On the other hand, Nartron's September 30 quotation forms, as well as Nartron's cover letter accompanying the forms, state that Nartron required a "commitment" that Amway purchase a minimum of 50,000 production units. This seems to support Amway's position that the quotations were definite offers to sell. However, a contrary view is feasible. The same September 30 quotation forms state that if Amway did not purchase the 50,000 units, Nartron would levy a cancellation charge "to cover absorbed chip development costs." This statement indicates that the "commitment" sought by Nartron was not for the purchase of production units, but rather for the reimbursement of development costs.

Neither do the declarations offered in support of Amway's motion clarify the disputed issue. Of the four declarations offered by Amway, only one--that of Walter Gorak, a current Amway employee--addresses the purpose of the quotations. This declaration, however, offers no additional proof to that already provided in the documentary evidence; it merely states, in conclusory terms, that the quotations were offers to sell.

We thus conclude that there is at least one disputed genuine issue of material fact--the intent of the parties as to the purpose for which the quotations were given. This fact must be resolved before the district court can render a decision on the on sale bar issue.

Amway contends that Nartron, in this appeal, has raised for the first time its argument that the purpose of the quotations is disputed. Amway thus contends that Nartron has waived the argument. It is true that issues, and sometimes even arguments, may be deemed waived if not clearly raised before the district court. See CPG Prods. Corp. v. Pegasus Luggage, Inc., 776 F.2d 1007, 1010, 227 USPQ 497, 498 (Fed. Cir. 1985). It is also true that a party may have summary judgment entered against it if it fails to properly respond to a supported summary judgment motion. See Fed. R. Civ. P. 56(e). We do not think, however, that there has been such a waiver or failure to respond in this case, primarily because Nartron's declaration, filed pursuant to Rule 54(f), Fed. R. Civ. P., was sufficient to put the court on notice that the totality of the circumstances surrounding the alleged offer for sale was not yet known at the time Nartron was required to respond to Amway's motion.

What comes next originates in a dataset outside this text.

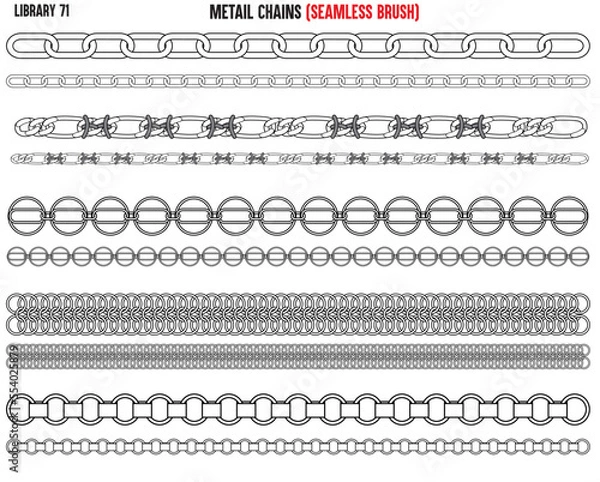 Fototapeta SET OF METAL SHINY CHAINS WITH DIAMNONTE AND ZIRCONS IN METAL CHAINS EDITABLE VECTOR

We also do not think, based upon the record before us, that Nartron is guilty of sitting on its hands, despite the fact that, at the time the district court decided the motion for summary judgment, the motion had been pending for over six months, which suggests that Nartron had adequate opportunity to supplement its opposition proof. It appears that there were significant disputes over discovery matters during much of the six months. Further, Amway's motion was decided three and a half months before the court-ordered discovery completion date, and after the completion of discovery would seem to be the most appropriate time for Nartron to update its opposition proof. Finally, given that there was no oral argument on the motion, it appears that Nartron was given no notice that a decision on the motion was imminent. Had such notice been given, Nartron may have either supplemented its opposition proof prior to the court's decision or presented reasons why full opposition was not yet possible.

In sum, given the "totality of the circumstances" nature of the issue being decided and the stage of the proceedings, the district court should have waited until Nartron had completed the necessary discovery and had supplemented its opposition proof before ruling on the motion for summary judgment. At present, there is at least one genuine issue of material fact--the parties' intent regarding the purpose of the price quotations--which renders summary judgment inappropriate.

LOURIE, Circuit Judge, dissenting.

I respectfully dissent because, while I agree that there may be genuinely disputed issues, they are not material to the legal point at issue. The invention was already complete and reduced to practice and the continued development work was only directed to enabling it to be produced at an economical price.